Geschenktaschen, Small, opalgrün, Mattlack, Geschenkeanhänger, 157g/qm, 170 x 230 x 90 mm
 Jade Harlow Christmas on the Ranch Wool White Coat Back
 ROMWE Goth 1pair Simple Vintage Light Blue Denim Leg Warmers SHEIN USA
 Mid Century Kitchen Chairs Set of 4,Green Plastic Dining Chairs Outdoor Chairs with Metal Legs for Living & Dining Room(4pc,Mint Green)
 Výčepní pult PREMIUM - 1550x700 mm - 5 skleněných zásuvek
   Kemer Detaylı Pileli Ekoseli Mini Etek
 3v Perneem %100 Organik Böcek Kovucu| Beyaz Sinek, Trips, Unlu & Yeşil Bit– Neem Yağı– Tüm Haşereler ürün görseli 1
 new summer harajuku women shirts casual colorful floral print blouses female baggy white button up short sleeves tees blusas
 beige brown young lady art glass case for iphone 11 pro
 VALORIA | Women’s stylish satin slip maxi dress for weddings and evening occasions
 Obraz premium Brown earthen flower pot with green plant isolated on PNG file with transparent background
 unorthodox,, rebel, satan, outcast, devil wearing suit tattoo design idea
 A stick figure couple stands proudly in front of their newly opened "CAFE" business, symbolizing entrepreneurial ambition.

> [Aim of the task]: For this exercise, please output exactly the lines above starting at the line with "Mid Century Kitchen" and ending at the line with "beige brown young", ends included.

> [Task response]:
 Mid Century Kitchen Chairs Set of 4,Green Plastic Dining Chairs Outdoor Chairs with Metal Legs for Living & Dining Room(4pc,Mint Green)
 Výčepní pult PREMIUM - 1550x700 mm - 5 skleněných zásuvek
   Kemer Detaylı Pileli Ekoseli Mini Etek
 3v Perneem %100 Organik Böcek Kovucu| Beyaz Sinek, Trips, Unlu & Yeşil Bit– Neem Yağı– Tüm Haşereler ürün görseli 1
 new summer harajuku women shirts casual colorful floral print blouses female baggy white button up short sleeves tees blusas
 beige brown young lady art glass case for iphone 11 pro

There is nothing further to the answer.